Tapas Mazumdar - 4 years, 4 months ago

@Tapas Mazumdar – yes, you have exactly said it.... (my/your idea)

Guillermo Templado - 4 years, 4 months ago

@Guillermo Templado – Very well. Thank you sir!

Tapas Mazumdar - 4 years, 4 months ago

@Tapas Mazumdar – Dont' call me sir, please. Call me Guillermo, you are my friend... Do you want me to write a proof about the sum of exterior angles of a $\text{ n - gon}$ is 360º? With words, of course....

Guillermo Templado - 4 years, 4 months ago

@Guillermo Templado – Yes, sure. I would love to see your proof!

Tapas Mazumdar - 4 years, 4 months ago

@Tapas Mazumdar – Ok, give me 30 minutes, more or less, please...

Guillermo Templado - 4 years, 4 months ago

@Guillermo Templado – Let $A$ be a $\text{n - gon}$ and $x_i, \space i = 1, 2, ..., n$ be its interior angles. Then, we know $\displaystyle \sum_{i = 1}^n x_i = (n - 2)\times 180º$ and sum of its exterior angles is $\displaystyle \sum_{i = 1}^n (180º - x_i)$ This implies, that $\text{sum of interior angles of A} + \text{ sum of exterior angles of A} =$ $= \displaystyle \sum_{i = 1}^n x_i + \sum_{i = 1}^n (180º - x_i) = n \times 180º \Rightarrow$ $\text{ sum of exterior angles of A} = \sum_{i = 1}^n (180º - x_i) = n \times 180º - (n - 2) \times 180º = 360º$

Guillermo Templado - 4 years, 4 months ago

@Guillermo Templado – Then, I have a question for you, Tapas (my friend). Are you able to make a picture explaining my idea? For example, could you explain my idea with a picture of a 10 -gon? This is not an obligation, it's a suggestion or a request... I repeat, this is not an obligation, if you want to make it, do it. If you don't want to make it, don't do it... I know, it'll take you much time. You can do it (if you want) in a week, for example... Anyway, you are not obligated to do it...

Guillermo Templado - 4 years, 4 months ago

@Guillermo Templado – Yes, sure why not!

Tapas Mazumdar - 4 years, 4 months ago

@Tapas Mazumdar – Thank you very much, be calm please, take a week at least, please... Be calm, please...

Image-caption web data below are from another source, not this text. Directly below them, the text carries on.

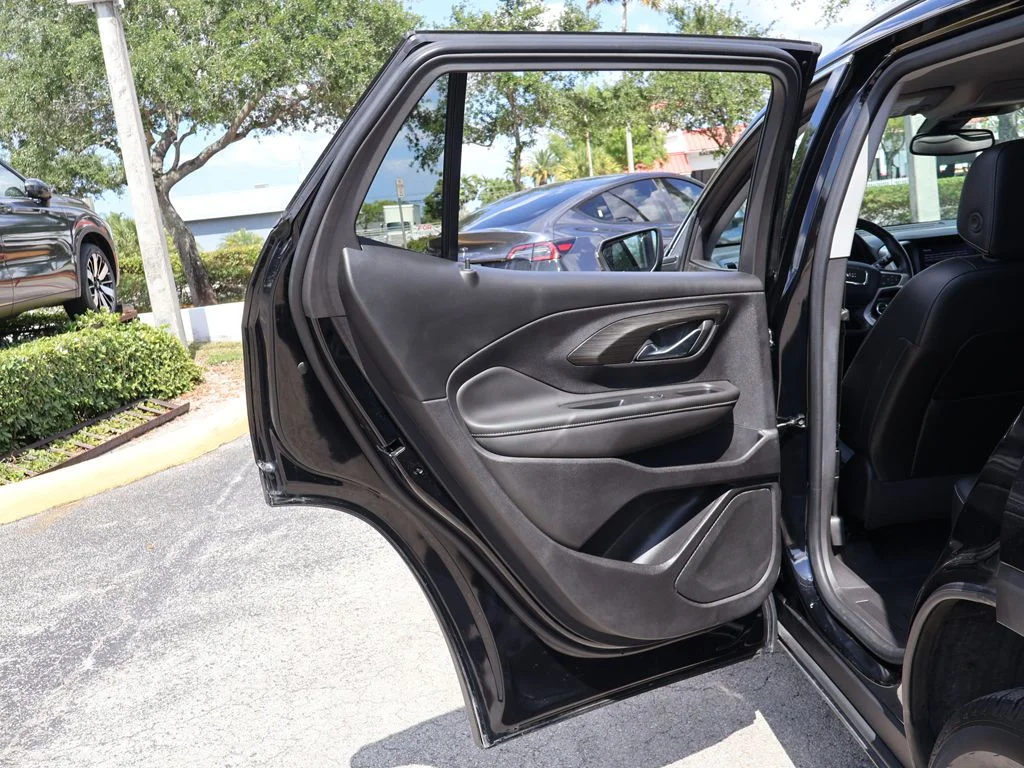 Used 2024 Black GMC SLT image 24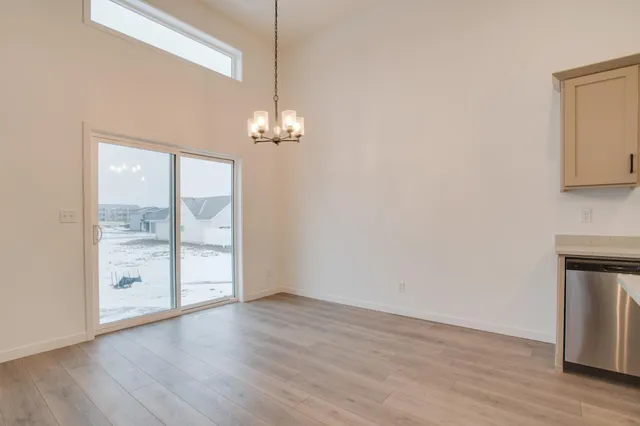 $319,900 | 2516 38th Avenue South, Moorhead, MN 56560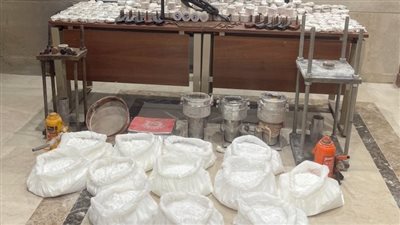 حبس 10 عناصر إجرامية بتهمة حيازة مواد مخدرة في 4 محافظات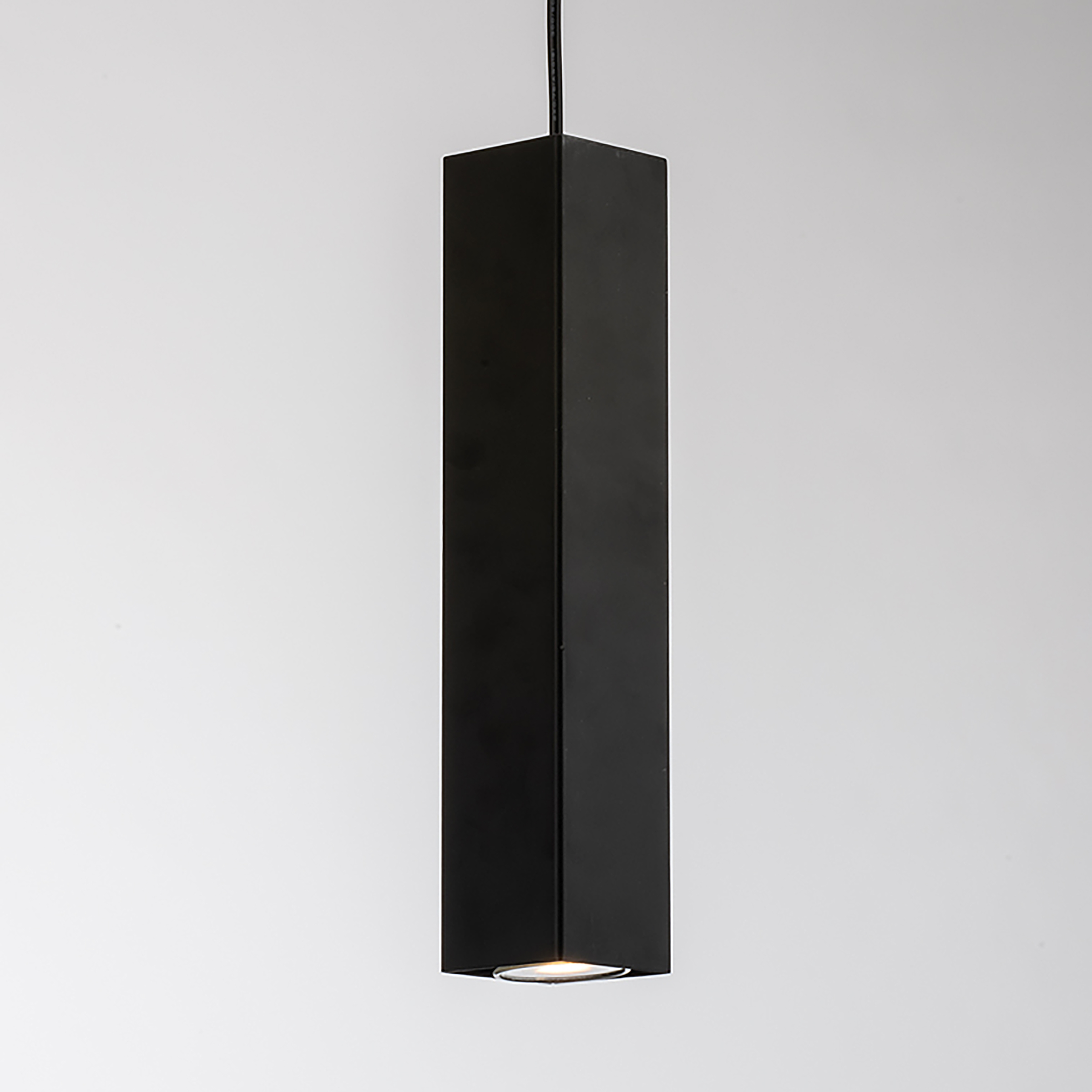 1-Light Fluke Type D Pendant Light Aluminium Black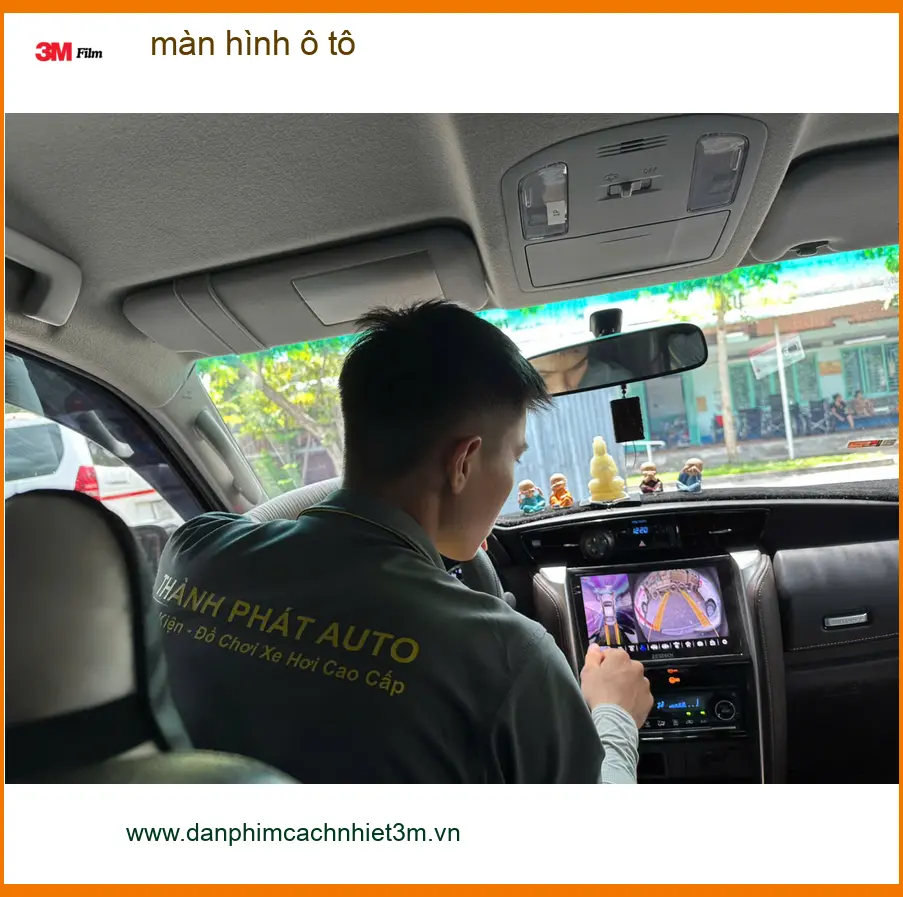 Chú Hưng lắp màn hình ô tô Honda CR-V tại Huyện Củ Chi để tiện đường đi lại công việc ảnh thực tế 2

Guillermo Templado - 4 years, 4 months ago

@Guillermo Templado – I don't know. I pondered over your idea of explaining with only a picture proof itself but had to include words for the sake of understanding. This is my idea (sorry, for not taking a week):

Generalization can be done from the above result

Tapas Mazumdar - 4 years, 4 months ago

@Tapas Mazumdar – Excellent and wonderful (+1). Now, If I were you, I would paint one more pic, nevertheless, be calm please. Don't hurry up, please. I would paint the center of gravity ("centroid", I do not know exactly the name of this point in English) of the regular decagon, I mean the center of the circumradius of this regular decagon),and a small circle around the center of gravity(barycenter or centroid) of the regular decagon and I would paint the external angles,each one of them of one colour. How you can do it? Join the centroid of the regular decagon with the vertices of the regular decagon...(If you have somedoubt ask to me)... And then your picture would be in a frame of my room. It would be amazing ...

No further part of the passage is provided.